На этот раз бумажник был у меня довольно пухлым.
— Да уж, кажется, сочлись давно, — улыбнулся Веня, но деньги взял и сунул в карман.
— Как работа? — поинтересовался я.
— Это разве работа, — отмахнулся он. — Мажордом — одно название. Тут, слава Богу, и без меня надсмотрщиков хватает. Так что с утра до вечера слоняюсь от нечего делать по усадьбе, дышу воздухом. Поручений практически никаких…
Я внимательней присмотрелся к нему. Странно, теперь его глаза не смеялись постоянно, что поразило меня при первой встрече. Только как — то лихорадочно поблескивали. Да и в голосе явно слышалась глухая тоска.
— Солдат спит — служба идет, — прибавил он со вздохом.
Мне показалось, что его ужасно тяготит мрачная перспектива: ведь на нем, словно мельничный жернов на утопающем, висела отработка задатка. И еще неизвестно, чье имя могло быть ему названо. Да чье угодно!
— А ты бы задаток Папе вернул и уволился, а? — посоветовал я.
— Куда там. Только Папу смешить. Поди и процентов набежало — не сосчитать. Чего уж там. Буду тут. От добра добра не ищут. Опять же — природа. Вам, в Москве, этого не понять.
— Ну ну, — кивнул я.
Мы откупорили бутылочку. Выпили и закусили. Горячий солнечный свет лился сквозь еще голые, но весьма густые ветви яблонь. Черные ветви нагревались на солнце, и от них распространялся едва заметный пар.
— Значит, природу любишь? — проговорил я. — Ты, наверное, вырос на природе?
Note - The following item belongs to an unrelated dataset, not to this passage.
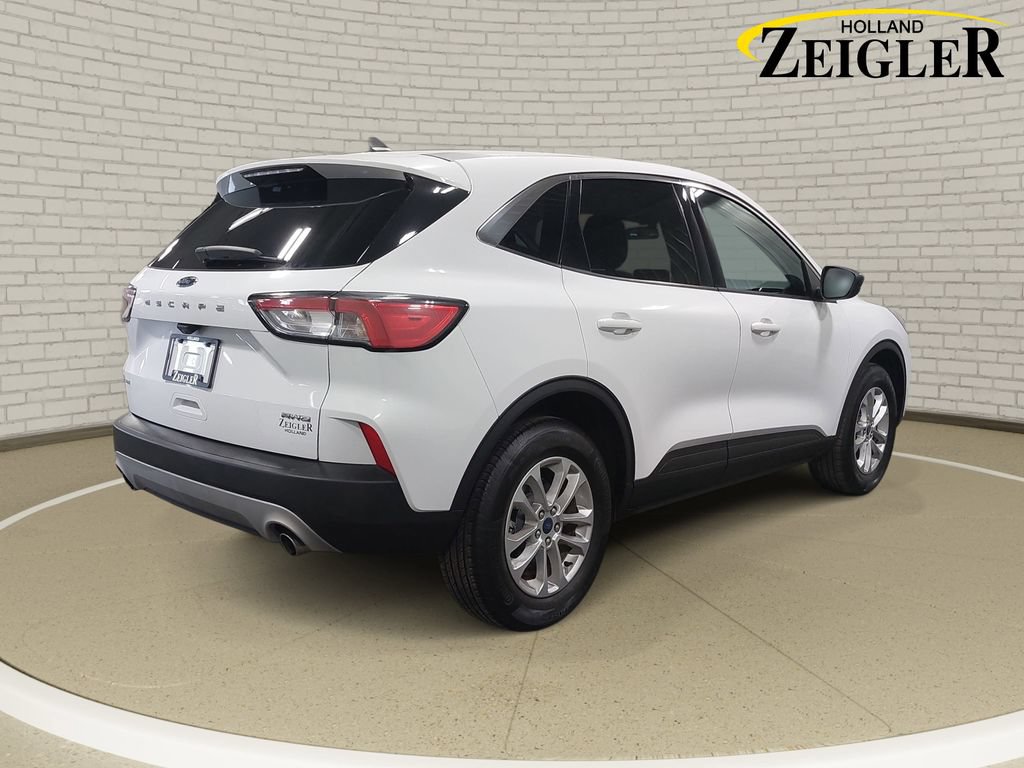 Used 2022 Ford Escape SE w/ Convenience Package AWD/4WD image 5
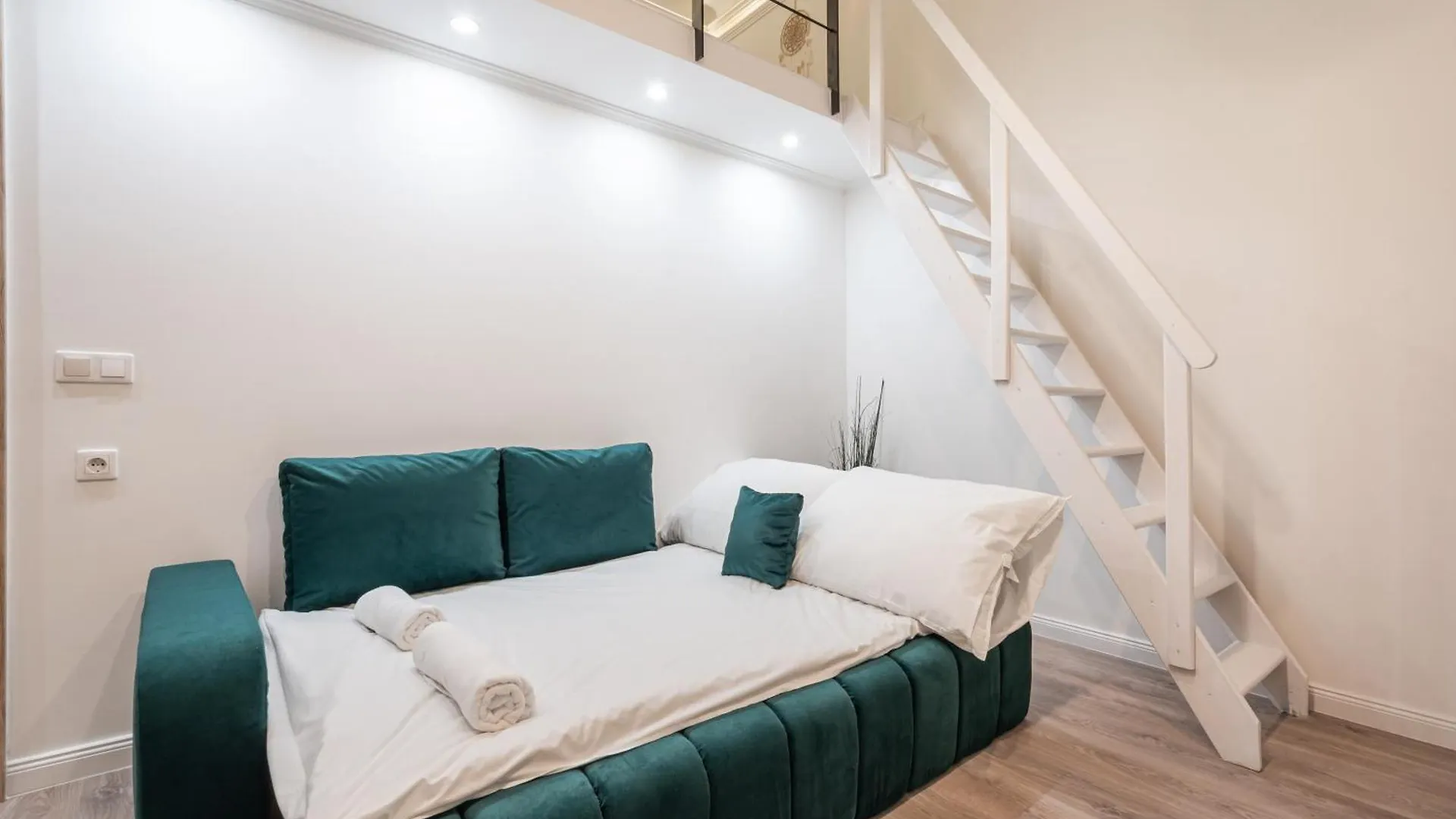 B70-1 - City Park Panorama Suite - Best Location By Bqa Budapest 0*,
Веня словно задумался. Потом поведал о том, что детство его прошло не то чтобы на природе, но вроде того: в большом рабочем поселке. Кругом чахлая степь, серые заборы, бараки, заводские трубы, копоть и пыль. И всегдашняя достопримечательность — речка вонючка. Единственное отчетливое воспоминание детства, как по весне, когда ветер начинал гонять по улицам и закоулкам сухую пыль и копоть, пьяный отец злобно орал и бил больную мать, а сам маленький Веня с младшим братом прятался в платяном шкафу.
— А шкаф, наверно, зеркальный, громадный такой? — хмыкнул я.
— Точно! — кивнул он.
С ума сойти можно с этими шкафами.
Потом Веня рассказал, как его и младшего брата отправили в захолустный интернат, где тоже пришлось не сладко. Не то что здешний Пансион. Жизнь — не жизнь, а так — от весны до весны. Можно сказать, что и детства то у него практически не было. Впрочем, большой печали по этому поводу в его голосе не слышалось.